1. de confirmer le consensus mondial sur la réalité du changement climatique et sur la contribution de l'Homme à ce dernier,

2. de confirmer la volonté du monde de maintenir (si possible) le changement climatique en dessous de la barre dangereuse des 2°C,

3. de confirmer le principe d'une responsabilité commune mais différenciée des Etats (même si son contenu exact apparaît confus)  : "Underscores its commitment to reaching an ambitious agreement in 2015 that reflects the principle of common but differentiated responsibilities and respective capabilities, in light of different national circumstances;"

4. de faire preuve de réalisme sur l'écart actuel entre le niveau réel des émissions de GES et ce qu'il faudrait faire :"Noting with grave concern the significant gap between the aggregate effect of Parties’ mitigation pledges in terms of global annual emissions of greenhouse gases by 2020 and aggregate emission pathways consistent with having a likely chance of holding the increase in global average temperature below 2 °C or 1.5 °C above pre-industrial levels,"

5. de confirmer le principe d'un Green fund : a) prioritairement abondé par les pays développés et b) consacré tant à la réduction des émissions de gaz à effet de serre qu'aux politiques d'adaptation au changement climatique en cours : "4. Urges developed country Parties to provide and mobilize enhanced financial support to developing country Parties for ambitious mitigation and adaptation actions, especially to Parties that are particularly vulnerable to the adverse effects of climate change; and recognizes complementary support by other Parties"

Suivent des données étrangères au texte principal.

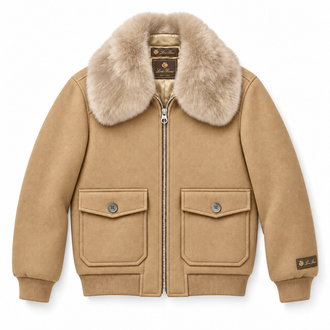Loro Piana kaşmir / Yün    Jacket ( Camel )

6. d'engager les Parties à communiquer, avant la fin du premier semestre 2015, leurs contributions à la réduction de leurs émissions de GES : "Reiterates its invitation to all Parties to communicate their intended nationally determined contributions well in advance of the twenty-first session of the Conference of the Parties (by the first quarter of 2015 by those Parties ready to do so) in a manner that facilitates the clarity, transparency and understanding of the intended nationally determined contributions;"

Si la décision de la COP 20 n'impose pas une méthode particulière pour la rédaction de ces contributions nationales, elle offre un faisceau d'indices : "Agrees that the information to be provided by Parties communicating their intended nationally determined contributions, in order to facilitate clarity, transparency and understanding, may include, as appropriate, inter alia, quantifiable information on the reference point (including, as appropriate, a base year), time frames and/or periods for implementation, scope and coverage, planning processes, assumptions and methodological approaches including those for estimating and accounting for anthropogenic greenhouse gas emissions and, as appropriate, removals, and how the Party considers that its intended nationally determined contribution is fair and ambitious, in light of its national circumstances, and how it contributes towards achieving the objective of the Convention as set out in its Article 2;"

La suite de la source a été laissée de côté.